Wednesday, October 17, 2018
Ming-liang Tsai | 青少年哪吒 (Qīngshàonián Nézhā) (Rebels of a Neon God)
the prodigal son
by Douglas Messerli
Ming-liang Tsai (writer and Director) 青少年哪吒 (Qīngshàonián Nézhā) (Rebels of a Neon God) / 2009, US 2015
Somewhat in the tradition of Rebel without a Cause (a large movie poster of James Dean, in fact, shows up in the room of one of the movie’s central figures), and with relationships to Truffaut’s 1950s five Antoine Doinel films, Taiwanese film director Ming-liang Tsai’s Teenage Nézhā (shown in this country as Rebels of a Neon God) shifts the focus from the California and Paris streets to the neon-lit Taipei of 1992, it’s original release date; the film was not released into the US until 23 years later.
In Chinese culture, Nézhā is a kind of child-god born into a human family and who attempts to kill his father. The young Nézhā figure in this work, Hsiao Kang (Lee Kang-sheng), is evidently a not-so-bright student, who with his taxi-cab driving father’s and spiritual-impelled mother’s support (she truly believes her son is an incarnation of Nézhā) has been enrolled in an overcrowded school to cram for college-entry tests. Clearly his parents are determined that he will be able to achieve in a manner which was impossible for them. Yet the tortuously old-school teaching methods of the buxiban (cram school) are painful even to watch, let alone to actually have been suffered by a young man or woman in their daily sessions.
In one scene, as the children leave their crowded classrooms, we see that a young girl’s scooter has been meaninglessly towed while our “hero,” lower in the screen, discovers that his scooter has suffered the same fate. He can only get home through the arrival of his taxi-driving father, who briefly, sympathizing with his son, suggests they attend an afternoon movie—the first shared experience proffered evidently in decades.
Given the difficulties of city living in Taipei, everything soon changes, as two young “hoodlums,” Ah Tze (Chen Chao-jung) and Ah Ping (Jen Chang-bin)—petty thieves who steal the change from phone booths and abscond with the motherboards of many of the arcade games they nightly patrol—purposely break the side-mirror of the taxicab. The young boy is asked to return to his classes as the father angrily drives off.
Hsiao Kang opts out of his cram-class, asking for the money which his parents paid back, and moving into the world of the two small-time hucksters, presumably to track them down. Yet as we quickly perceive—although little of it has been spoken about in the reviews of this work—his stalking of these figures not only represents a desire for their desolate, but somewhat exciting life-styles, but signifies a kind of homoerotic fascination about them.
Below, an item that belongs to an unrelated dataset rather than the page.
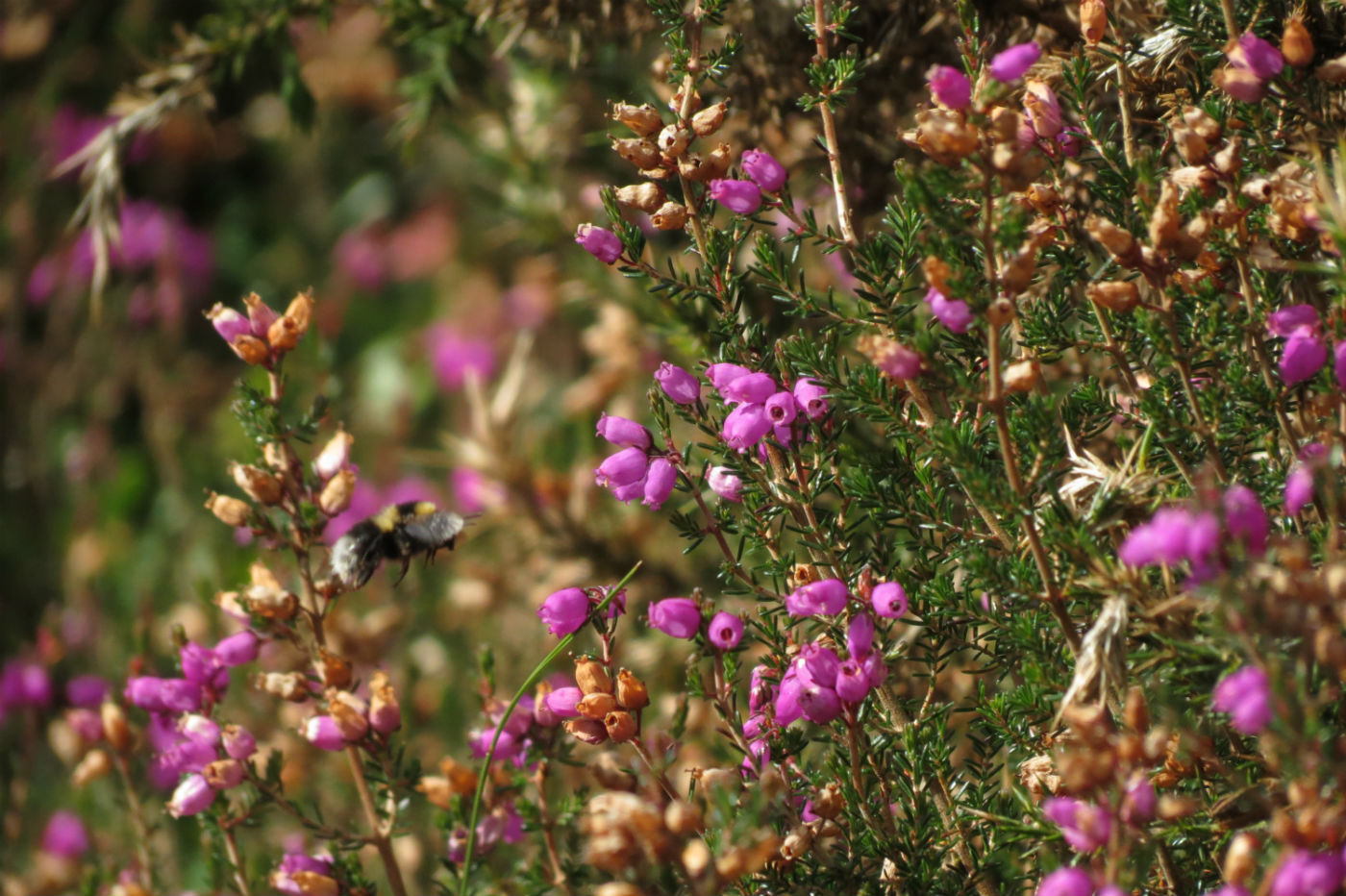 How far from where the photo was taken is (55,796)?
2848mm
The central figure’s major focus is Ah Tze, who lives in an apartment that is nearly always under water, a slosh of debris and decay which he evidently shares with his elder brother. The wonder is that his brother can somehow still attract a young working girl, Ah Kuei (Wang Yu-wen), who eventually attaches herself to the younger sibling.
Ah Tze’s real emotional commitment, however, is focused on his friend, Ah Ping; and, although he eventually, and very much after the fact, does finally have sex with this clearly sexually available woman, he abandons her time after time, and finally, when Ah Ping is beaten for one of their petty robberies, offers her up to him for “hugs.”
Throughout—although nothing ever visually occurs or is even spoken about it—this film represents a ménage à trois between its three major male figures, two of them not even knowing about the existence of the third. The passion that embraces them is not so much a gay sexual desire as it is a dissatisfaction with their lives and, simply put, “the way things are.”
This entry into the dark neon-lit world of Taiwan’s major city never quite allows the sexual release that any of these trapped young men are really seeking. Instead of a love story it ends as a kind of strange revenge comedy, with Hsiao Kang spray-painting and glunking-up the engine of his idol’s scooter with glue. Symbolically, he strips his beloved enemy of his sexual power, the film ending, in fact, with Ah Tze giving up his woman companion to his own friend. Surely, he can now never win her back, so, in a sense, the invisible young stalker has turned his obviously heterosexual object of fantasy into a kind sexually neutered being, a boy in whom he might find some sexual release. And, in another respect, he has finally redeemed his father’s promise to take him to the movies by making his own “midnight movie” in real time and space in which, finally, things turn out “right,” or at least possible on his own terms.
If previously, his own father has locked him out of their home, one of the final images is of the father (or mother) carefully opening the door a crack which might allow their wild, disobedient son to return.